Chancellor Rachel Reeves has warned that “now is not the time” to risk instability amid a possible leadership challenge against prime minister Sir Keir Starmer.
Her comments came after new figures showed that the economy unexpectedly grew in March.
However, economists warned the pace of growth is set to stall throughout the year as the impact of the Iran war begins to show.
Gross domestic product (GDP) increased by 0.3 per cent in March, the Office for National Statistics (ONS) said, showing a surprise uplift for the first full month after the start of the US-Israeli conflict with Iran.
This helped the economy to grow by a higher-than-expected 0.6 per cent over the first quarter (January-March).

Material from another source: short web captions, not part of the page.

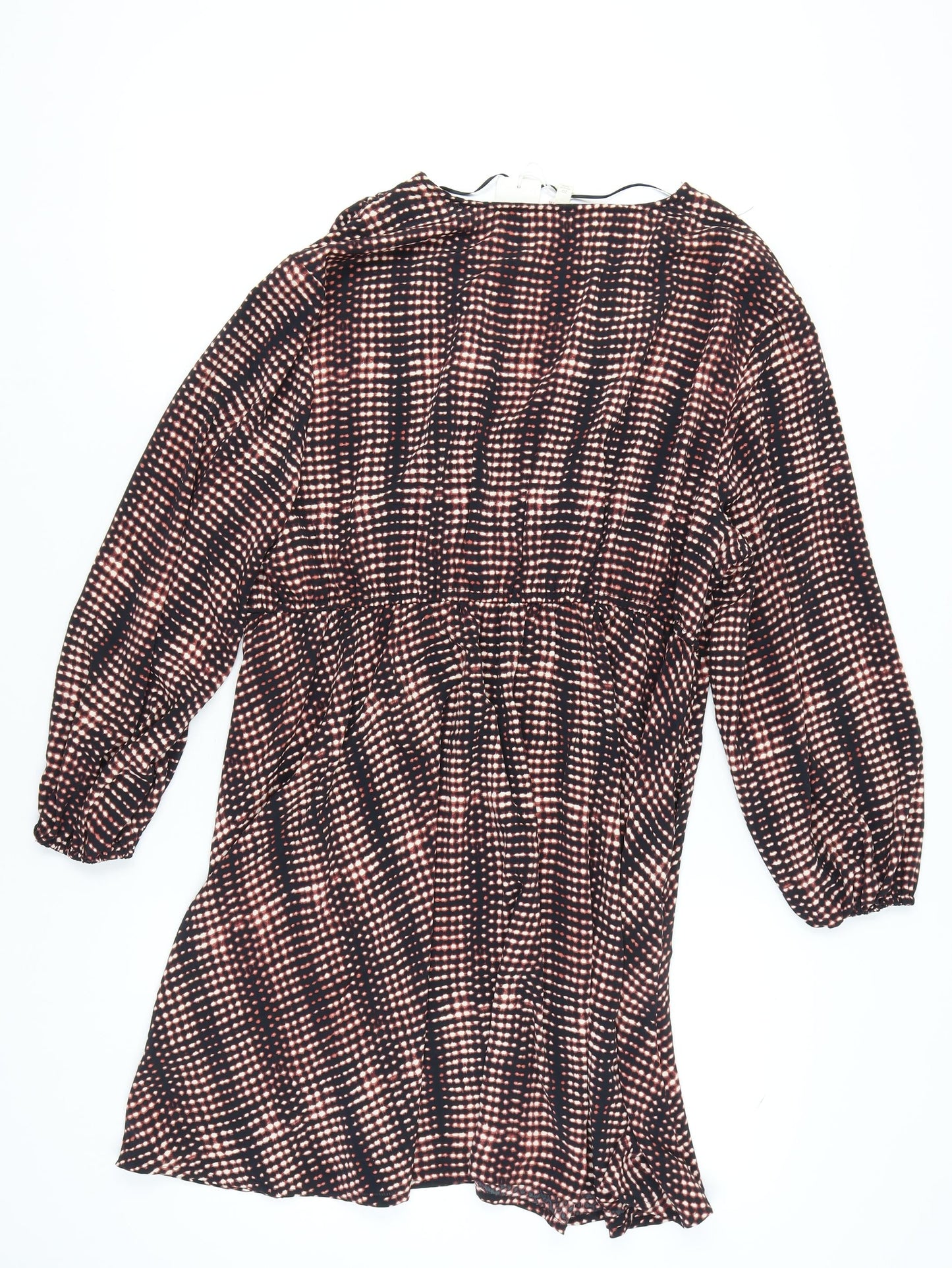 Per Una Women's Multicoloured Dress Size 20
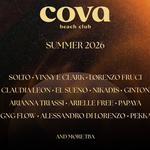 COVA BEACH CLUB SARDINIA | ARIELLE FREE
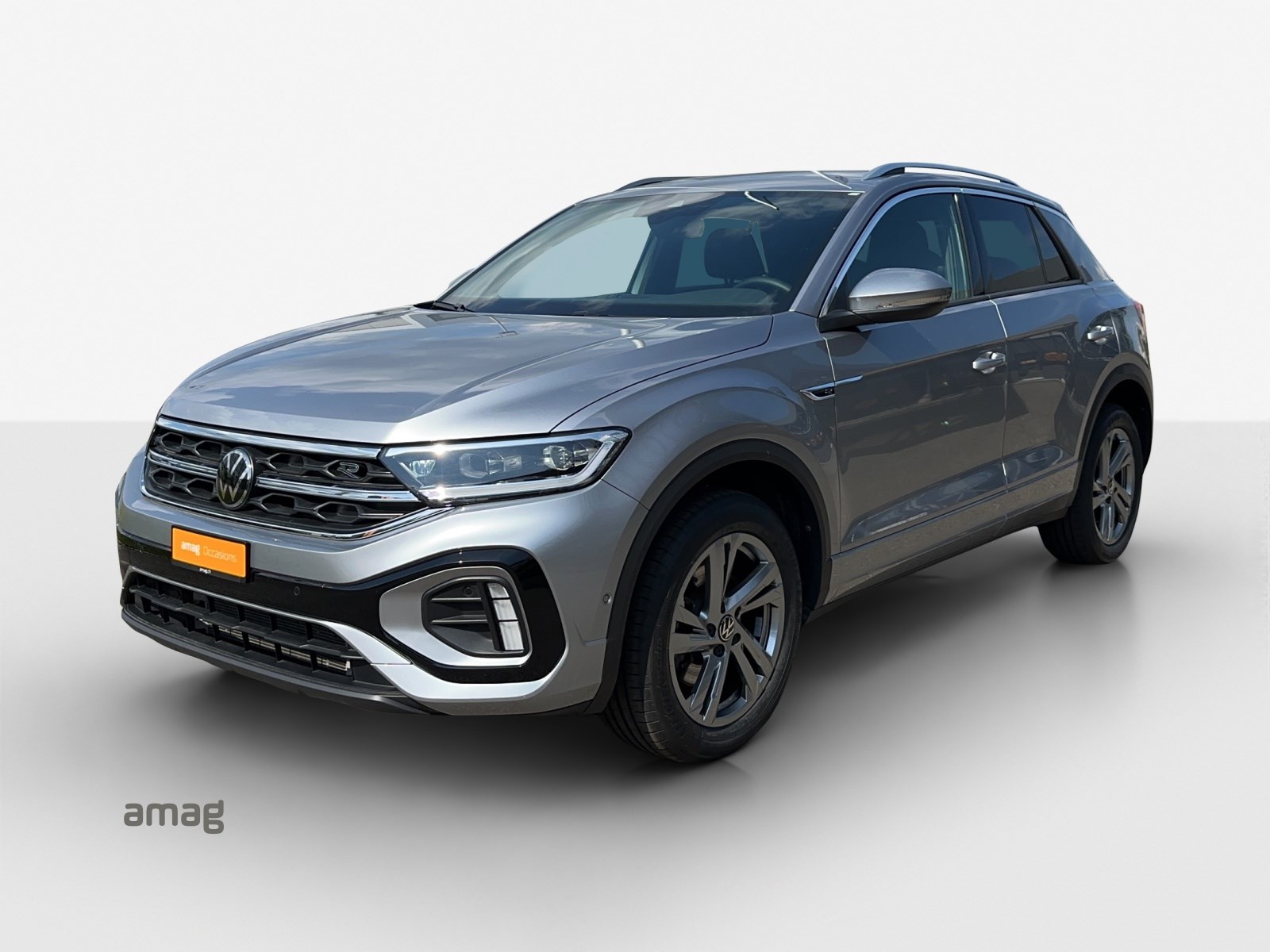 VW T-Roc 2.0 TSI R-Line DSG 4Motion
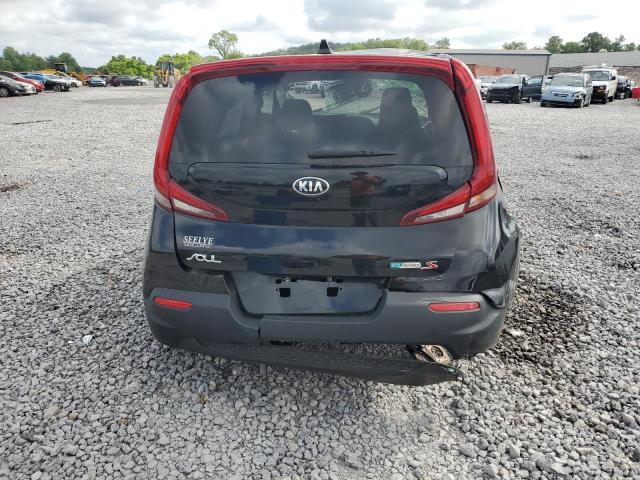 2021 KIA SOUL LX - KNDJ23AU6M7145980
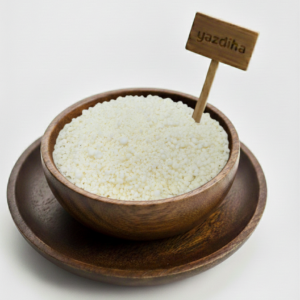 گرانول تزئینی سفید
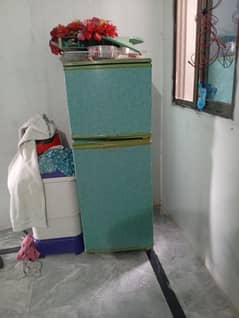 refrigerator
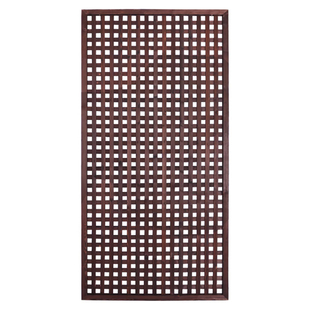 防腐木栅栏围栏户外庭院花园篱笆爬藤架阳台花架室内装饰隔断护栏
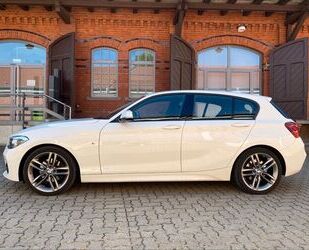 BMW BMW 120i Automatik M Sport Shadow Edition Gebrauchtwagen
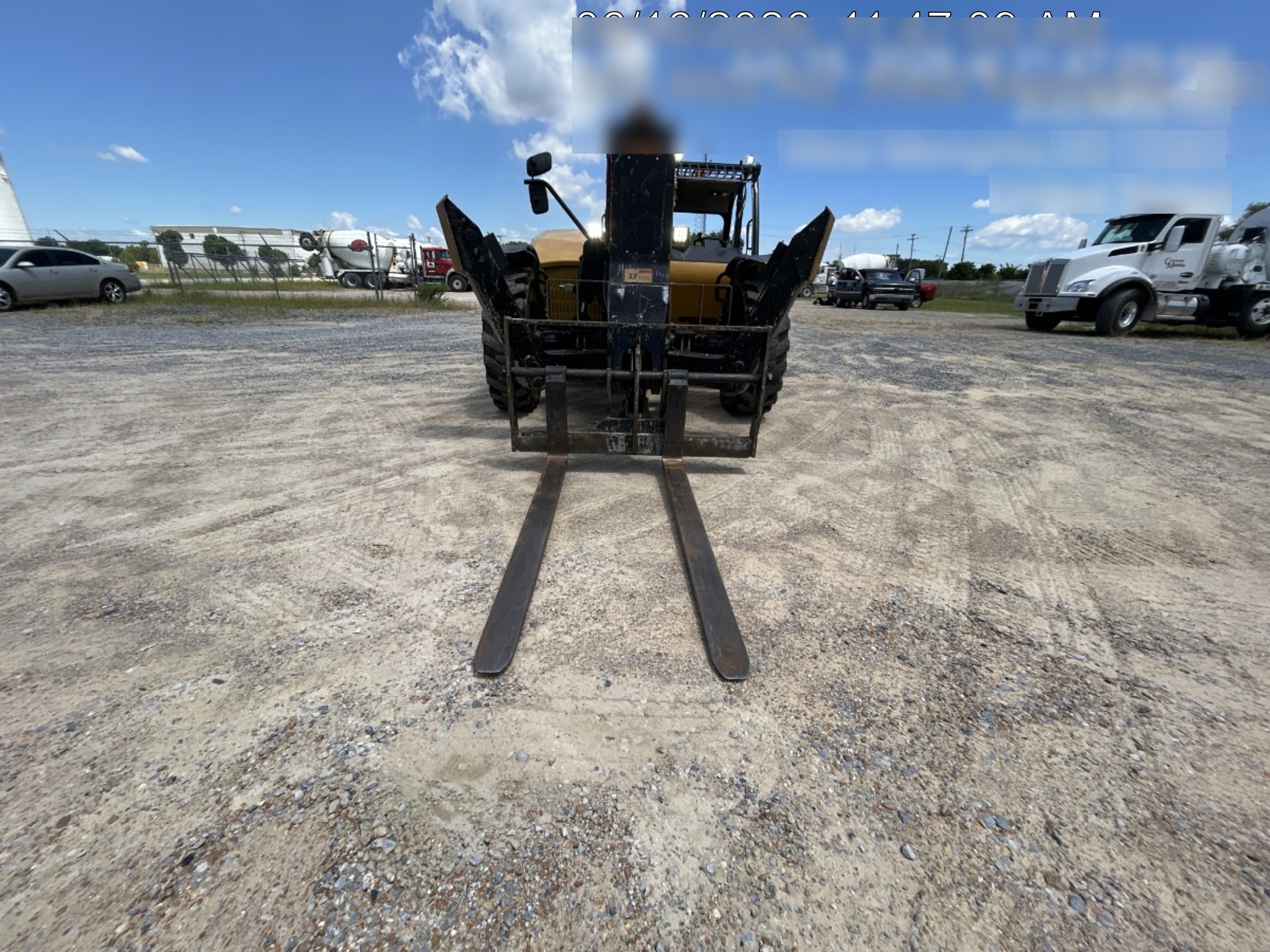 2020 SANY STH1056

This marked the strongest growth since the first quarter of 2025 and came in ahead of the 0.5 per cent rate that analysts had been expecting.

“The choices I have made as chancellor mean our economy is in a stronger position as we deal with the costs of the war in Iran,” Ms Reeves said.
“Now is not the time to put our economic stability at risk. To do so would leave families and business worse off.
“Instead, this government is getting on with the job of building an economy that is stronger, more resilient and prepared for the future.”
The comments come at a fraught time for the government, as Sir Keir faces uncertainty about his future at No 10 following a bruising set of election results and a potential leadership challenge.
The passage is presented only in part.